Dewan Shafiul Arefin Tutul (দেওয়ান শরিফুল আরেফিন টুটুল; born 1 March 1960) is a former Bangladeshi footballer and the former Youth and Sports Affairs Secretary of Bangladesh Awami League.

==Club career==
Tutul began his career as a striker in the Dhaka Second Division League with Dhanmondi Club in 1974.

He was later invited to join the junior team of Abahani Krira Chakra by Ali Imam. He soon shifted to defence playing alongside Monwar Hossain Nannu and eventually became a right full back who frequently made overlaps. Thus, he is regarded as the first attacking full back in Dhaka football.

He became the vice-captain of Abahani in 1979 and the captain in 1980; however, he departed the club the following year after a fallout with the officials. He won six Dhaka First Division League titles during three stints with Abahani. He also lifted the Aga Khan Gold Cup with Brothers Union. In his second stint at Abahani, he was handed club captaincy in 1984. Tutul also impressed at continental level, scoring a brace during Abahani's 8–1 victory over Club Valencia in the 1985–86 Asian Club Championship.

He officially retired from football on 7 June 1992, during the last league game between Abahani and Mohammedan SC.

==International career==
He represented the Bangladesh U19 team at the 1977 AFC Youth Championship in Tehran. Tutul previously made his senior international debut during the 1976 King's Cup in Bangkok.

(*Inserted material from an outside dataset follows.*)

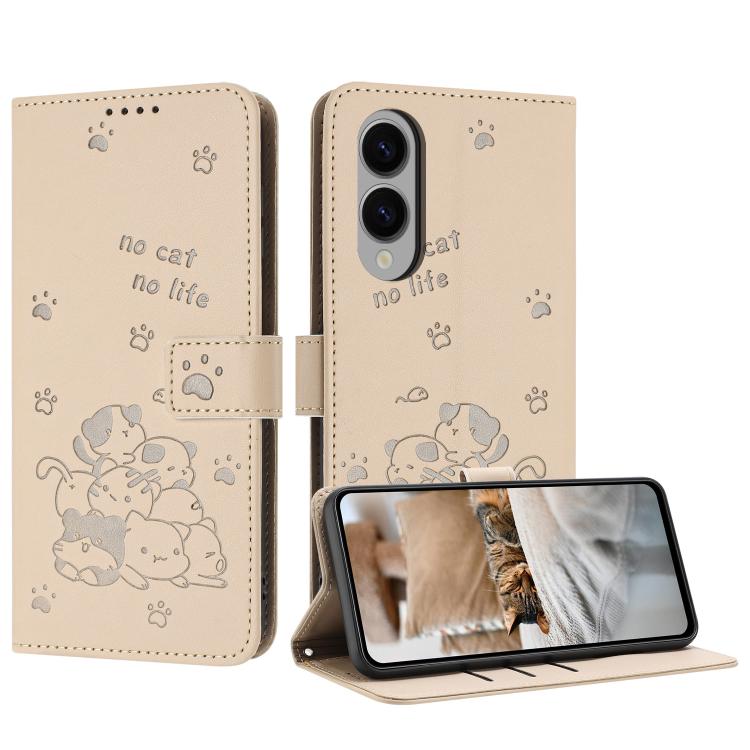 Custodia in pelle per telefono con gattino in rilievo e cordino, For Samsung Galaxy S25 FE 5G, For Samsung Galaxy S25 Edge 5G, For Samsung Galaxy S25 / S24 5G, For Samsung Galaxy S25+ / S24+ 5G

He also represented Bangladesh during the 1980 AFC Asian Cup qualifiers, 1984 South Asian Games and the 1985 South Asian Games.

==Honours==
Abahani Limited Dhaka
- Dhaka First Division League: 1977, 1983, 1984, 1985, 1989–90, 1992
- Federation Cup: 1985, 1986, 1988
- Independence Cup: 1990
- Liberation Cup: 1977
- Sait Nagjee Trophy: 1989
- Azmiri Begum Gold Cup: 1990
- BTC Club Cup: 1991

Brothers Union
- Aga Khan Gold Cup: 1981–82

Bangladesh
- South Asian Games Silver medal: 1985

Individual
- 2009 − National Sports Award.

==Personal life and political career==
In the early 1980s, Tutul played the leading role in a BTV drama depicting the story of a young footballer. The hero comes from a remote area of the country, but becomes a top footballer in Dhaka, before an injury ends his career abruptly. Nupur, a leading actress, played the role of the heroine.

In 2001, Tutul was nominated by Awami League to contest the national elections from Manikganj-4 but lost the election to Bangladesh Nationalist Party candidate Shamsul Islam Khan.

In 2009, he was awarded the National Sports Award.

Tutul served as the youth and sports affairs secretary of Bangladesh Awami League. He served as a Director of Bangladesh Cricket Board. In April 2016, he received a nomination for the post of Vice-President of Bangladesh Football Federation. He is the councilor of Dhaka Division unit of Bangladesh Cricket Board.